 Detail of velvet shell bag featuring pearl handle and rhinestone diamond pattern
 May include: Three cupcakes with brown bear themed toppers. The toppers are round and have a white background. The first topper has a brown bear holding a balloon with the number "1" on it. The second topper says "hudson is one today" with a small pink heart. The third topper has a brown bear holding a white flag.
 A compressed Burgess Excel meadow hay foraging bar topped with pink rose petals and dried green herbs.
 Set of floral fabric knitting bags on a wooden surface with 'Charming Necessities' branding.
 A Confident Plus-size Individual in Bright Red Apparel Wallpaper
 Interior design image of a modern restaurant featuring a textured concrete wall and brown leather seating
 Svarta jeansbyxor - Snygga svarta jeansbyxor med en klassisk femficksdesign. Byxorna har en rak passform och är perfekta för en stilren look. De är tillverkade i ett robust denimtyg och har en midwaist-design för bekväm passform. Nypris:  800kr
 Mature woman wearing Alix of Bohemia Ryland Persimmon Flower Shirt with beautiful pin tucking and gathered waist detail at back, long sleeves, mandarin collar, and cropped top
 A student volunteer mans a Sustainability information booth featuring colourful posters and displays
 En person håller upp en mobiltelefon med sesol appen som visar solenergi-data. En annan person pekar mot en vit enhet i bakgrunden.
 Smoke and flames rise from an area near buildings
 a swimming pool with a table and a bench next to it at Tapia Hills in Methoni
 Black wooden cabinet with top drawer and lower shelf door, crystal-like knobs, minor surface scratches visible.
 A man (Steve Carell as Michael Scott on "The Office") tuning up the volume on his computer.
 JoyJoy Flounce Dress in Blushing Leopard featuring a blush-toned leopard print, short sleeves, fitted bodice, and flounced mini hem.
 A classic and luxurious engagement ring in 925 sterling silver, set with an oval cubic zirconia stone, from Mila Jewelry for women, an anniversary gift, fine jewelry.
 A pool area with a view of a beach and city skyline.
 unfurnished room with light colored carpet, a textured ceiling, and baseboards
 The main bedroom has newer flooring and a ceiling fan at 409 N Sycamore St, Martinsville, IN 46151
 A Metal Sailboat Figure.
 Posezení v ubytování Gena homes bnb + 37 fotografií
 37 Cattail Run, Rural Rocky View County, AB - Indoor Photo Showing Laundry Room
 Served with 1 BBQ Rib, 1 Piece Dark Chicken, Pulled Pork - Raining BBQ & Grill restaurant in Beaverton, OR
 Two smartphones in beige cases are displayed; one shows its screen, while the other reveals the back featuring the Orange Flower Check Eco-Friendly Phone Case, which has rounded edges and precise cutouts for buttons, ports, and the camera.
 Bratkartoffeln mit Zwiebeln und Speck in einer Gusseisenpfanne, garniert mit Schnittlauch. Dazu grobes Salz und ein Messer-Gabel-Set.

* **Work to be completed**: Which of the lines in the material above contain "featuring"? Copy each one out.

* **Written response**:
 Detail of velvet shell bag featuring pearl handle and rhinestone diamond pattern
 Interior design image of a modern restaurant featuring a textured concrete wall and brown leather seating
 A student volunteer mans a Sustainability information booth featuring colourful posters and displays
 JoyJoy Flounce Dress in Blushing Leopard featuring a blush-toned leopard print, short sleeves, fitted bodice, and flounced mini hem.
 Two smartphones in beige cases are displayed; one shows its screen, while the other reveals the back featuring the Orange Flower Check Eco-Friendly Phone Case, which has rounded edges and precise cutouts for buttons, ports, and the camera.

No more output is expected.